Insurance requires high BMI for DS?

Remingtonh

Well-Known Member
Joined
Mar 2, 2018
Messages
93
Location
Austin, TX
Hi all, I decided to move my thread over here since I've hijacked the other thread enough already.

I just got off the phone with Dr. Ayoola's office, and we talked at length about insurance and the DS (with the staff not the doctor).

They essentially told me that, though it's not the "official" policy of their practice, they tend to not do DS surgery on patients with less than 50 BMI, because insurance companies make it difficult.

I advised them that I spoke with my insurance company in detail and they told me that my policy covers the DS, and there is no differentiation between 40 BMI or anything higher.

I asked her about the pre-authorization process, and what she told me matched what the doctor told me, in that even if the surgeon gets pre-authorization from the insurance company, schedules the surgery and completes it, the insurance company can still deny coverage when it comes time to pay the claim.

I pointed out that if that's true, then it could happen with any surgery, not just the DS. So my thinking is that the doctor believes there is a greater chance of that scenario occurring with the DS vs. RNY or other lesser procedures, and requires prepayment for the procedure, with the expectation that the insurance company may ultimately deny the claim.

It seems Dr. Ayoola's office might have the same concerns as the doctor. I haven't moved that far with them yet, but that's definitely what they were suggesting to me.

Unfortunately this might mean the DS could be out of my reach at this point. I just don't know if I'm willing to risk $8K. I'll have to seriously re-think this.

Has this happened to other people seeking DS surgery?
 
Last edited:
If you have preauthorization from your insurance, you are protected, assuming that the surgeon DOES THE PROCEDURE YOU WERE PREAUTHORIZED FOR. Part of the preauthorization package is your BMI, so they can't retroactively say you shouldn't have been given the procedure.

I think the insurance people in those surgeons' offices are just LAZY. They don't want to deal with possibly iffy cases that might require a little more work for them to help the patient. Despicable. You shouldn't have to convince them to do their damned job.
 
This is precisely why I'm more than hesitant to prepay the surgeon's fee up front. What incentive would lazy staff have to recover *my* money should there be some sort of hiccup in the claims process?

exactly - I don't blame you a bit.
 
Exactly. And it makes me VERY suspicious about what surgery they're doing if they submit preauthorizations and then don't get paid.

Now let m be clear about one thing - there is one circumstance under which this is "reasonable." I had to pay Rabkin $4000 upfront, because he was not in-network on my PPO (although the hospital was). Nobody had any idea how much my insurance would pay of his fee, but I would be balance-billed for the difference. That was upfront and known. $4000 was 1/3 of his fee at the time (15 years ago). After insurance paid, amazingly, they paid a bit over 2/3 of his fee, so I got a refund of the excess.

But if your surgeon is in-network, there is no reason that you should have to pay anything except perhaps the deductible/copay in advance.
 
Today I confirmed with Dr. Ayoola's office that, if insurance provides the pre-authorization/approval, they'll do the DS.

Still haven't spoken with the doctor yet, I have an appointment on Friday.
 
Last edited:
Finally talked to the doctor. Had a long in-depth discussion with him, he explained everything, and it does make sense - and he acknowledged that insurance billing problems he's had ~10 years ago may have been resolved since.

He has agreed to do the DS! Submitting to insurance today I believe.
 
Last edited:
I see no reason to do that at this point. The doctor did warn me however, that about 10-15% of DS patients need revision because of malabsorption problems. Nobody has mentioned that here before. ..
 
Last edited:
Good grief, where did he get THAT number??? Way off base. If you read the Hess study, which included almost 1000 DS patients who were followed for 10 years, only a couple needed revision, and even for them it was almost always due to noncompliance. I'm not saying bad things can't happen, but they are far less common than he's stating.

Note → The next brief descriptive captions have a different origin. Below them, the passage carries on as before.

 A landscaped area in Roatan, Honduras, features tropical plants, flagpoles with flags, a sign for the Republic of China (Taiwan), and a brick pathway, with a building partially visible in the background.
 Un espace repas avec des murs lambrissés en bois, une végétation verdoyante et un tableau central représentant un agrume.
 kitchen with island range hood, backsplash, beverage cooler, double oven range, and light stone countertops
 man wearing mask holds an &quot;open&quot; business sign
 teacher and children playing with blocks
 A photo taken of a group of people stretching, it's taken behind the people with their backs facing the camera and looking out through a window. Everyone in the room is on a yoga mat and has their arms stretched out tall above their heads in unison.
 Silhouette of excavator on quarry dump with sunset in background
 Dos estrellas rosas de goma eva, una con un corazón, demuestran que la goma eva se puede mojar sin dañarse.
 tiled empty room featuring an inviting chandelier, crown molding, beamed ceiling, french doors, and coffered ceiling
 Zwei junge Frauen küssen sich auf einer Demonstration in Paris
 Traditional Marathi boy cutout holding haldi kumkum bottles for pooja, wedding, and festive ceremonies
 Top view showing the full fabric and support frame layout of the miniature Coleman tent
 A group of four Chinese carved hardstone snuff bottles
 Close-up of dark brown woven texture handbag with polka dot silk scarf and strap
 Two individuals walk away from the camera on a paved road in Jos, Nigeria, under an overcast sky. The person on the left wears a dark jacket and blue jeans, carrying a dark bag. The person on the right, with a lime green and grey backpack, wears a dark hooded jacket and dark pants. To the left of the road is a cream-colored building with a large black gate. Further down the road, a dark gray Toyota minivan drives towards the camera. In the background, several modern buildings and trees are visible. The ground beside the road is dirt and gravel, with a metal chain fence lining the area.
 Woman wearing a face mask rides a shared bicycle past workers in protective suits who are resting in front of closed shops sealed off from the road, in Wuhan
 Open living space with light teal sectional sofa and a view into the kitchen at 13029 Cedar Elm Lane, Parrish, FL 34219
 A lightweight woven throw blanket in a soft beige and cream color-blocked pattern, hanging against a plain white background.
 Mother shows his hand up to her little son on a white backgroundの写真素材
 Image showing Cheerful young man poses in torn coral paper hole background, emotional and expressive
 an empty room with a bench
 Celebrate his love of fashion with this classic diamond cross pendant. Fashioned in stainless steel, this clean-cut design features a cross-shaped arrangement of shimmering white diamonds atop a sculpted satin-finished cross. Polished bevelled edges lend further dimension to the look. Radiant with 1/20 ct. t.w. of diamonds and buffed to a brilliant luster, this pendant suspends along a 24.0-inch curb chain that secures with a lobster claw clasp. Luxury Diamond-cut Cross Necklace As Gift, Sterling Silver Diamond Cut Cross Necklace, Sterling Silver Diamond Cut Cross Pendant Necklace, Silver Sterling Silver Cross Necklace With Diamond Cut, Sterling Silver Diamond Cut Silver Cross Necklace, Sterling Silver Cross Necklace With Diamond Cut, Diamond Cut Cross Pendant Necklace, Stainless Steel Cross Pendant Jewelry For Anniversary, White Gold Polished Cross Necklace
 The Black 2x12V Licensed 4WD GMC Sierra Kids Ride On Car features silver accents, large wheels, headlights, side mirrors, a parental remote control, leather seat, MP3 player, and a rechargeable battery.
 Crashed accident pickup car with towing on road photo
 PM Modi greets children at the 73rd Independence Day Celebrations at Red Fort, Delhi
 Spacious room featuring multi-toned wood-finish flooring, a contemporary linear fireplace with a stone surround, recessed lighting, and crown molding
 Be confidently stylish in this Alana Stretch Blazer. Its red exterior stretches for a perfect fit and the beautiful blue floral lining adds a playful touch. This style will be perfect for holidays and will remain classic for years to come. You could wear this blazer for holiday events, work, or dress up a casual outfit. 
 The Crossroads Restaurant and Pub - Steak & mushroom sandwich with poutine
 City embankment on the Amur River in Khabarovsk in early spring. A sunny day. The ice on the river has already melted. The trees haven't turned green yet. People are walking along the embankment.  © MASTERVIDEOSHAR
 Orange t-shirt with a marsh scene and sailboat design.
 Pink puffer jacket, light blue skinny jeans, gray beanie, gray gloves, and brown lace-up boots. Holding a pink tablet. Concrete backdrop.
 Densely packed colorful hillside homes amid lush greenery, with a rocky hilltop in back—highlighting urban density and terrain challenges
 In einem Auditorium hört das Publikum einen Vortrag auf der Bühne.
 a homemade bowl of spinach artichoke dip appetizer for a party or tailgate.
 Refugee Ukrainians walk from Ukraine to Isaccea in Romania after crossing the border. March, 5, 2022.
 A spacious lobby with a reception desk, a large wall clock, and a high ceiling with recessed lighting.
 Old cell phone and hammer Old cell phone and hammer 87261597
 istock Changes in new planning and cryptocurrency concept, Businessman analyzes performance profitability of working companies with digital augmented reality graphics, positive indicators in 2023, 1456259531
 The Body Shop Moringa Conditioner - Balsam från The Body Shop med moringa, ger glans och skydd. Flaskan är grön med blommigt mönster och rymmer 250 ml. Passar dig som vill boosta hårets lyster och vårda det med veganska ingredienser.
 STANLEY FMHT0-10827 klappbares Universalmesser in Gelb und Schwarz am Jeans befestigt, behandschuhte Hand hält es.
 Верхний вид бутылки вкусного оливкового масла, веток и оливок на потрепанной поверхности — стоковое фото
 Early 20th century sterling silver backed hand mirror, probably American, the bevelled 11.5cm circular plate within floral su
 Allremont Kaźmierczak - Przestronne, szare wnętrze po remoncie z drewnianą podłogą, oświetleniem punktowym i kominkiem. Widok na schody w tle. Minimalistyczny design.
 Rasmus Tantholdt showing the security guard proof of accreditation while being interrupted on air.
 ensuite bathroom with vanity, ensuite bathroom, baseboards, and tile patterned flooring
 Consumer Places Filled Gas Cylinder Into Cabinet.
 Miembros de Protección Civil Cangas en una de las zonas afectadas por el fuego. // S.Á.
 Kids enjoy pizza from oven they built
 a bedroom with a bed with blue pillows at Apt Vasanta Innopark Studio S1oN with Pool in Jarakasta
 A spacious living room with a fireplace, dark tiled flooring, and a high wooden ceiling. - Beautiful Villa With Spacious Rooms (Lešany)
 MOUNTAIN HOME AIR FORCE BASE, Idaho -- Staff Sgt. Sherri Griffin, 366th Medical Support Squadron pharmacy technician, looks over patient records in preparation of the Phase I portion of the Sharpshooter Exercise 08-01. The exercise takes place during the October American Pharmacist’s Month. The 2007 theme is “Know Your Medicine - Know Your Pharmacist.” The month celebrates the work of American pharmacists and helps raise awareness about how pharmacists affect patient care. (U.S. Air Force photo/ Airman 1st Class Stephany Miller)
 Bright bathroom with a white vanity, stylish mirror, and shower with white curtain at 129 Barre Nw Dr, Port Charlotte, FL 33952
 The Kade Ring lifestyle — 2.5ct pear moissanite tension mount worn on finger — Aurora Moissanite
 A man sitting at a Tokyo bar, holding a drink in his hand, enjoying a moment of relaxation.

And, on the subject of revisions, look around you. You will see a huge number of unfortunate people with lap band revising (or at least having their bands removed), a fair number of people with sleeves revising to something that works better after a few years when the sleeve stretches out, and even some folks with gastric bypass revising to the DS, which is a huge, high risk operation. And it is my belief (can't prove it, so I won't present this as fact) that we would see even more such revisions if people could get insurance coverage. It's far more difficult to get coverage for a revision than for a primary bariatric surgery, often impossible. So, there is no perfect, risk free option, but would you rather take on the small risk of revision with DS due to nutrition issues or the substantial risk of revision and/or failure with a less effective operation?
 
Finally talked to Dr. Ganta. Had a long in-depth discussion with him, he explained everything, and it does make sense - and he acknowledged that insurance billing problems he's had ~10 years ago may have been resolved since.

He has agreed to do the DS! Submitting to insurance today I believe.
Why are you going through with DS surgery with Dr. Ganta instead of with the awesome surgeon, Dr. Ayoola?
 
I have no reason to believe Ganta isn't perfectly skilled and qualified. Plus Denton TX isn't exactly close or convenient.
 
I have no reason to believe Ganta isn't perfectly skilled and qualified. Plus Denton TX isn't exactly close or convenient.
We’ve had people travel half way around the world to get the DS. Close isn’t worth it if not done correctly.

He may be skilled but our concern is lack of knowledge within the vet community. No one I know on this forum or in four of five DS groups on FB has heard of him as a DS surgeon. And the one group that did, the post was from 2011.

I know you want to be close, I get that. But if you were having heart surgery, would you want close or good? Same skill level in many ways.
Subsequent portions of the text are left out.